C’était l’un des rares films maudits du cinéma contemporain. Malgré une présentation en grande pompe en sélection officielle hors compétition au Festival de Cannes en 2007, Go Go Tales était demeuré invisible, en raison d’obscurs blocages juridiques, droits musicaux et conflits avec les producteurs. Ces affaires réglées, Go Go Tales sort enfin du purgatoire et a trouvé le chemin des écrans français depuis le 8 février grâce à la persévérance du distributeur éditeur Capricci. Tourné entièrement à Cinecittà, lors de l’exil italien d’Abel Ferrara dans les années 2000, Go Go Tales succède à Mary, lui aussi tourné loin des Etats-Unis, avec des capitaux internationaux. Après la gloire dans les années 90, et une frénétique succession de chefs-d’œuvre, Ferrara a connu non pas un passage à vide mais une période plus difficile sur le plan économique après un grand film malade, New Rose Hotel, qui sonna le glas de son état de grâce auprès des financeurs du cinéma indépendant américain. Go Go Tales, dans la lignée de New Rose Hotel et de 4 :44 Last Day on Earth (son dernier et génial opus découvert à Venise l’année dernière) est un film magnifique qui concentre son action dans un lieu unique, le Paradise, un club chic de « burlesque » de South Manhattan imaginé de manière très stylisée dans les fameux studios romains. Ray Ruby est le patron charismatique de ce lieu à la mode, qui doit affronter de gros problèmes de trésorerie : Tandis que les filles menacent de faire grève si elles ne sont pas payées, Ray se bat contre les propriétaires des lieux qui veulent fermer le club. A travers l’histoire du manager du club désespérément à la recherche d’argent pour que son univers nocturne et hédoniste continue d’exister, Ferrara aborde ses thèmes de prédilection : la dépendance (Ruby est un joueur invétéré, comme le bad lieutenant qui était aussi dangereusement accro aux drogues), les nuits new yorkaises, mais aussi la résistance. On a longtemps négligé la dimension politique du cinéma de Ferrara, déjà présente dans The King of New York, et qui devient plus évidente dans Go Go Tales. Le Paradise est une communauté utopique et poétique en sursis, un petit coin de paradis voué à disparaître à cause de la spéculation (comme le Chelsea Hotel auquel Ferrara consacra un documentaire quelques mois avant sa fermeture définitive.)

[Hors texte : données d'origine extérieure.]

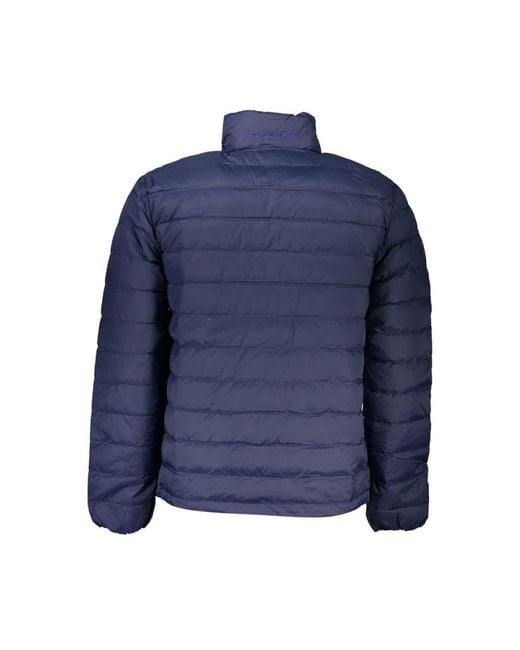 La Martina Blue Winter Jackets for men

Ode au monde de la nuit et du spectacle, Go Go Tales est le petit théâtre d’Abel Ferrara, son French Cancan ou son Meurtre d’un bookmaker chinois à lui. Difficile de ne pas reconnaître dans le personnage de manager de Willem Defoe un alter ego de Ferrara, seul maître à bord sur ses tournages, même lorsque la barque coule, parrain bienveillant d’une troupe d’acteurs et de techniciens prêts à tous les sacrifices pour tourner avec lui. Go Go Tales, malgré sa mélancolie évidente, est aussi pour la première fois dans l’œuvre de Ferrara une franche comédie qui fuit le sordide et le désespoir pour oser les gags et l’humour le plus débridé. Pour montrer le délabrement du club, une danseuse se brûle les fesses dans une machine à bronzer défectueuse, et Ruby ne trouve rien d’autre que le Loto pour sauver le Paradise « The show must go on » et les héros de Ferrara préfèrent danser sur le volcan en attendant l’apocalypse plutôt que de renoncer à leurs rêves. Aux côtés d’un grand Willem Dafoe, la troupe de Ferrara se bouscule dans le petit décor italien, les fidèles comme les nouveaux venus : Matthew Modine, Asia Argento, Stefania Rocca, Riccardo Scamarcio, Bob Hopkins, Anita Pallenberg, Burt Young, Lou Doillon, Romina Power et Shanyn Leigh, muse et compagne du cinéaste qui interprète le rôle féminin principal de 4 :44 Last Day on Earth toujours avec Willem Dafoe en double de Ferrara.
Ce retour de Ferrara sur le devant de la scène cinématographique fut amorcé en août 2011 lors du Festival del film Locarno où le cinéaste américain, en pleine forme, reçut le Pardo d’onore Swisscom pour l’ensemble de sa carrière, délivrant à cette occasion une masterclass vraiment magistrale. De passage à Paris pour la promotion de Go Go Tales, Ferrara a confirmé son souhait de consacrer son prochain film aux mésaventures new yorkaises de DSK, avec Gérard Depardieu (autre invité de marque de la 64ème édition du Festival del film Locarno) dans le rôle de l’ex patron du FMI. Un projet à la fois improbable et évident (« I am addicted » avoue Ruby dans Go Go Tales) et néanmoins très excitant.